_Task to carry out_. Using the entries below, write out the line with "Серый Ауди Q4", the line with "TÊNIS Vans KNU- bordo", and every line in between, exactly as each is written.

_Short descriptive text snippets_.
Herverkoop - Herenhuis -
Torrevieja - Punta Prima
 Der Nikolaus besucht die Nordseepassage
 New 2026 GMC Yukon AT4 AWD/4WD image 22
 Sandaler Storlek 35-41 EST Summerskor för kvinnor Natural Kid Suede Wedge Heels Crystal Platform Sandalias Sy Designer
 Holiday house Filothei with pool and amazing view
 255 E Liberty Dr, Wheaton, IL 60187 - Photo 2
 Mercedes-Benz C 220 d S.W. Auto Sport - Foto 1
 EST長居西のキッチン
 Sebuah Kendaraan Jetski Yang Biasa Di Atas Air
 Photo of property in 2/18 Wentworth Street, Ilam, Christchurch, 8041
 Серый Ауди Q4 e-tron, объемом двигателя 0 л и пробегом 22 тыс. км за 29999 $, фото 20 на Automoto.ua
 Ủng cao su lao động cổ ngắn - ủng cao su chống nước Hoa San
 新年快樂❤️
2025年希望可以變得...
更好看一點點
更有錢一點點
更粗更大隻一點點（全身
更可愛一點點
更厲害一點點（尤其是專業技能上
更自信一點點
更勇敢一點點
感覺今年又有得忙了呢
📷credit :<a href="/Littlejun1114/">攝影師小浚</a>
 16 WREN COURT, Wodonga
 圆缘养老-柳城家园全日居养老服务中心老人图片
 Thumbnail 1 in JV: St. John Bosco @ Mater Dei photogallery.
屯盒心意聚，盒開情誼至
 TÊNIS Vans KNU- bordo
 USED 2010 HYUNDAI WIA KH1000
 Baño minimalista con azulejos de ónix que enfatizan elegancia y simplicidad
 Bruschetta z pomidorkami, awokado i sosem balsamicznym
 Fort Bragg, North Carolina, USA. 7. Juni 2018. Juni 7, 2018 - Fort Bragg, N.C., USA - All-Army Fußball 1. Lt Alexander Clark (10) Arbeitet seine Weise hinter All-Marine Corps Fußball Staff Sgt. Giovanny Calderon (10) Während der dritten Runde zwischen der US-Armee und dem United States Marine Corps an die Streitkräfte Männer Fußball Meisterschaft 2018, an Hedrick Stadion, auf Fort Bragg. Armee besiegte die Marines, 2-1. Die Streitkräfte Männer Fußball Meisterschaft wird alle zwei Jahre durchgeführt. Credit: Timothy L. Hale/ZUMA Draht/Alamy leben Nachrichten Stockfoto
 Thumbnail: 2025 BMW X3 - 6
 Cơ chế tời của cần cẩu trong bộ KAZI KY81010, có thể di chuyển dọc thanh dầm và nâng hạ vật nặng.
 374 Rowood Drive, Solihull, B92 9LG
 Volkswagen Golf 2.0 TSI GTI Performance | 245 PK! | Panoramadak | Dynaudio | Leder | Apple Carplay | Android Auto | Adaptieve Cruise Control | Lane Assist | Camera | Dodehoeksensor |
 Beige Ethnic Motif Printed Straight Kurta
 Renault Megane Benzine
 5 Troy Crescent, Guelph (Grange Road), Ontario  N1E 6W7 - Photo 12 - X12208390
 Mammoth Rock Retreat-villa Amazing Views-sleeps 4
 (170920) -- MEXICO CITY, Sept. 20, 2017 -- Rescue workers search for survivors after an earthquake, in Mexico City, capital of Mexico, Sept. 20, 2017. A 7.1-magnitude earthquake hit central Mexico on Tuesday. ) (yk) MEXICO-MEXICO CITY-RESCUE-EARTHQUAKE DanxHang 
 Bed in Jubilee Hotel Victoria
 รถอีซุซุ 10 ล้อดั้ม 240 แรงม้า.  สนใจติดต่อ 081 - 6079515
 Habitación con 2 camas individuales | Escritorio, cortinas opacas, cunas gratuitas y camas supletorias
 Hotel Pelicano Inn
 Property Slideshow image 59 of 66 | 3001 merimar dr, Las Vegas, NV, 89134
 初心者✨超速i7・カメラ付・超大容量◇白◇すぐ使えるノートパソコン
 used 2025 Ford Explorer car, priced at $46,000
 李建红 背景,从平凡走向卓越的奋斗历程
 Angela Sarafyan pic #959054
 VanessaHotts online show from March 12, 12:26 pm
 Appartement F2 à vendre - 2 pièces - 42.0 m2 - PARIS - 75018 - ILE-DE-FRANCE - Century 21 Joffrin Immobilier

_Exercise response_.
 Серый Ауди Q4 e-tron, объемом двигателя 0 л и пробегом 22 тыс. км за 29999 $, фото 20 на Automoto.ua
 Ủng cao su lao động cổ ngắn - ủng cao su chống nước Hoa San
 新年快樂❤️
2025年希望可以變得...
更好看一點點
更有錢一點點
更粗更大隻一點點（全身
更可愛一點點
更厲害一點點（尤其是專業技能上
更自信一點點
更勇敢一點點
感覺今年又有得忙了呢
📷credit :<a href="/Littlejun1114/">攝影師小浚</a>
 16 WREN COURT, Wodonga
 圆缘养老-柳城家园全日居养老服务中心老人图片
 Thumbnail 1 in JV: St. John Bosco @ Mater Dei photogallery.
屯盒心意聚，盒開情誼至
 TÊNIS Vans KNU- bordo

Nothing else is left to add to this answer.